▶ **Data block**:

*** Begin section ***

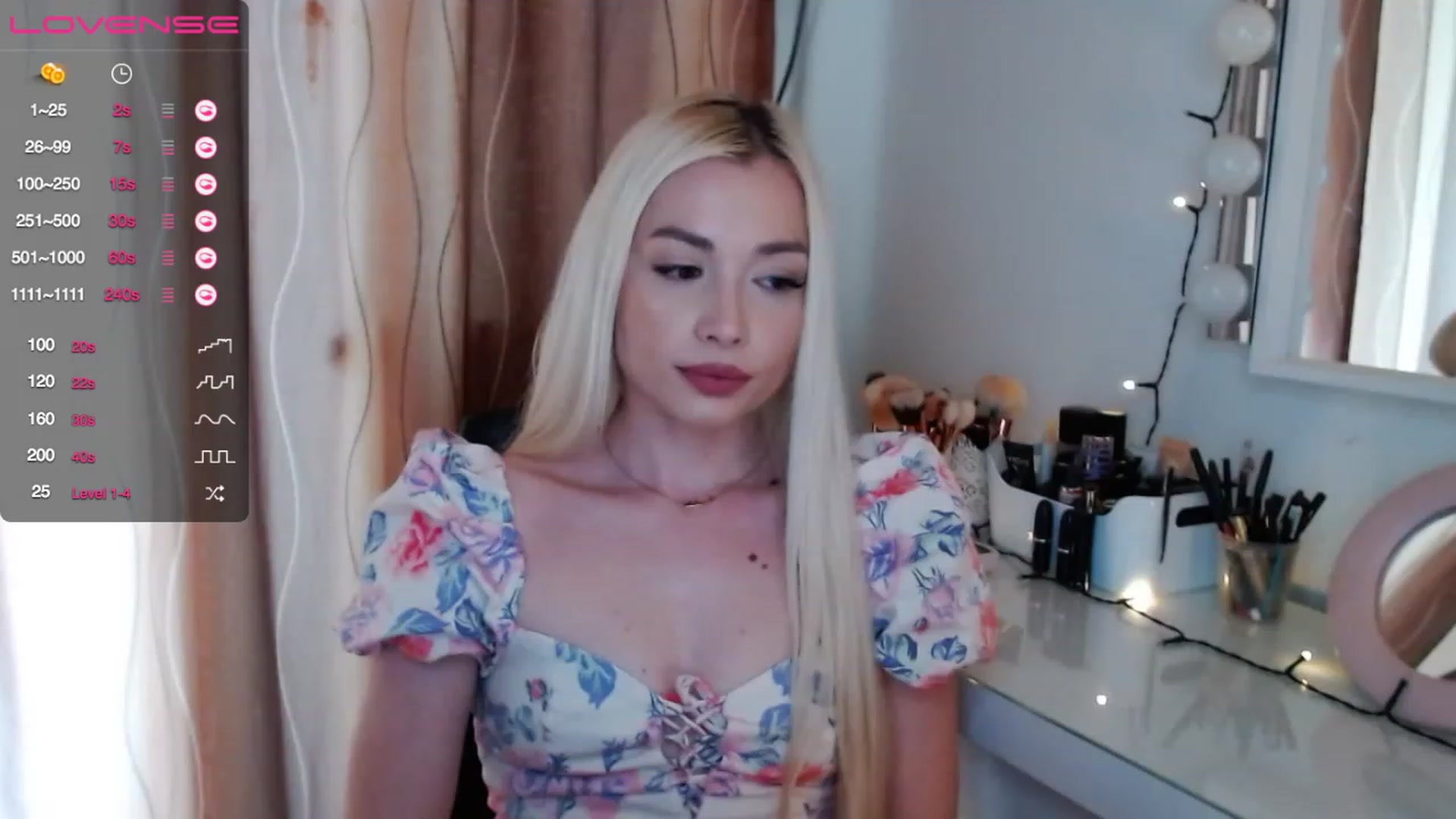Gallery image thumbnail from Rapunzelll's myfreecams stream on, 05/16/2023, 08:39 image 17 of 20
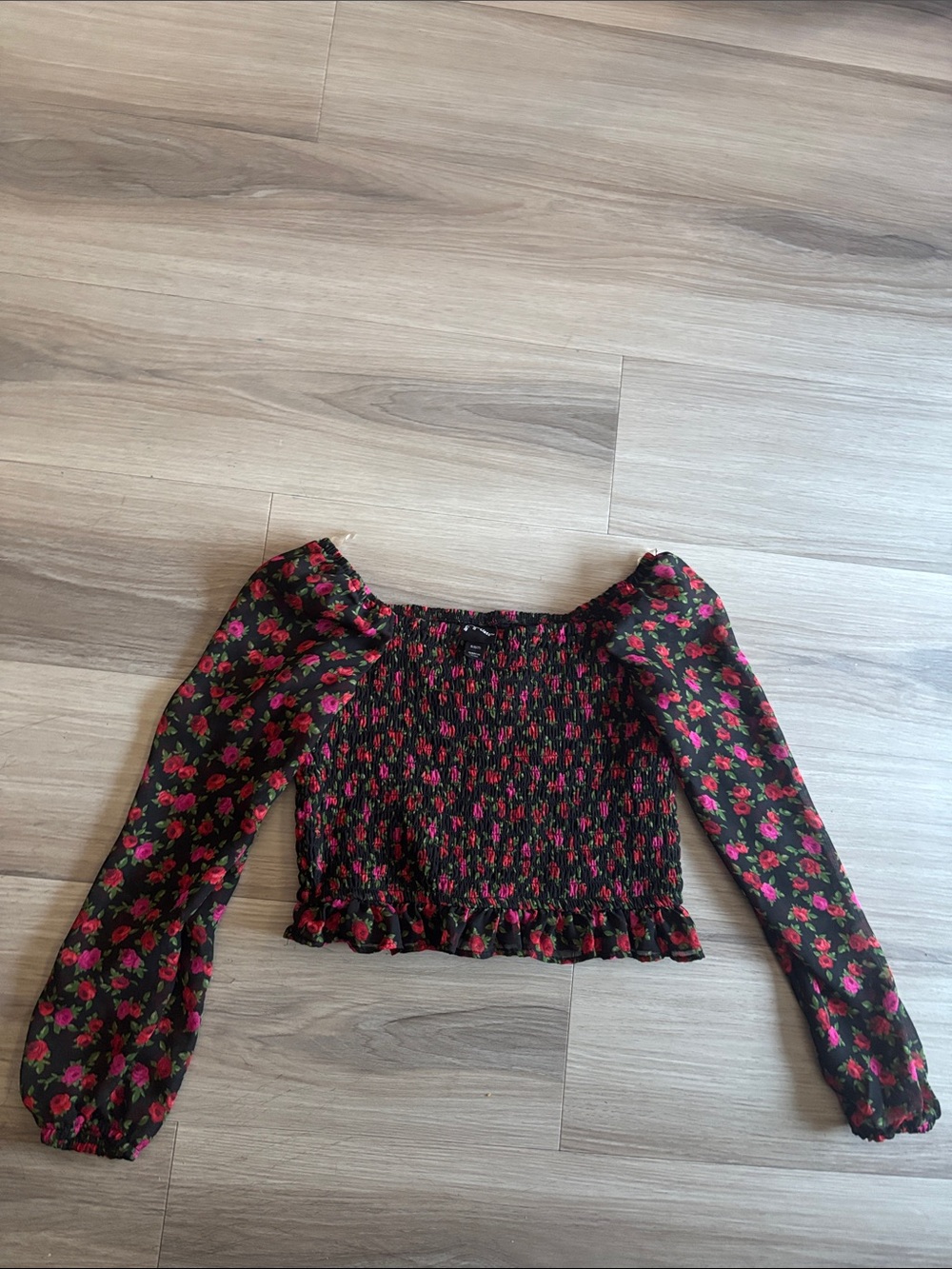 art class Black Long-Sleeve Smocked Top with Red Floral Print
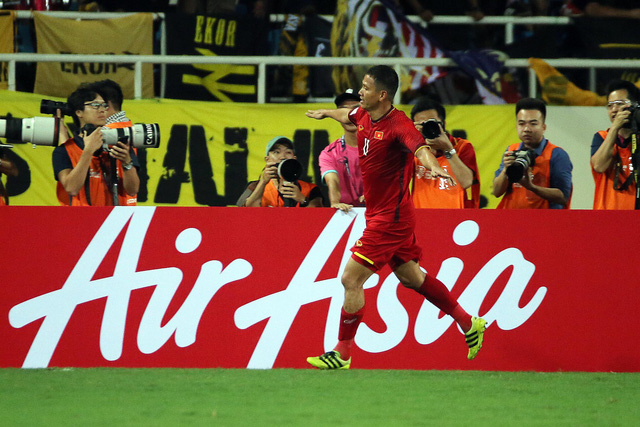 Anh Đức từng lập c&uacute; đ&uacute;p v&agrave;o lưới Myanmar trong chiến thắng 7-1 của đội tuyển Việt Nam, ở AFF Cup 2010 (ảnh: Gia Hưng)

*** End section ***

▶ **Prompt**: Print out all the material above exactly as it appears, omitting the images.

▶ **Your response**:
Gallery image thumbnail from Rapunzelll's myfreecams stream on, 05/16/2023, 08:39 image 17 of 20
 art class Black Long-Sleeve Smocked Top with Red Floral Print
 Anh Đức từng lập c&uacute; đ&uacute;p v&agrave;o lưới Myanmar trong chiến thắng 7-1 của đội tuyển Việt Nam, ở AFF Cup 2010 (ảnh: Gia Hưng)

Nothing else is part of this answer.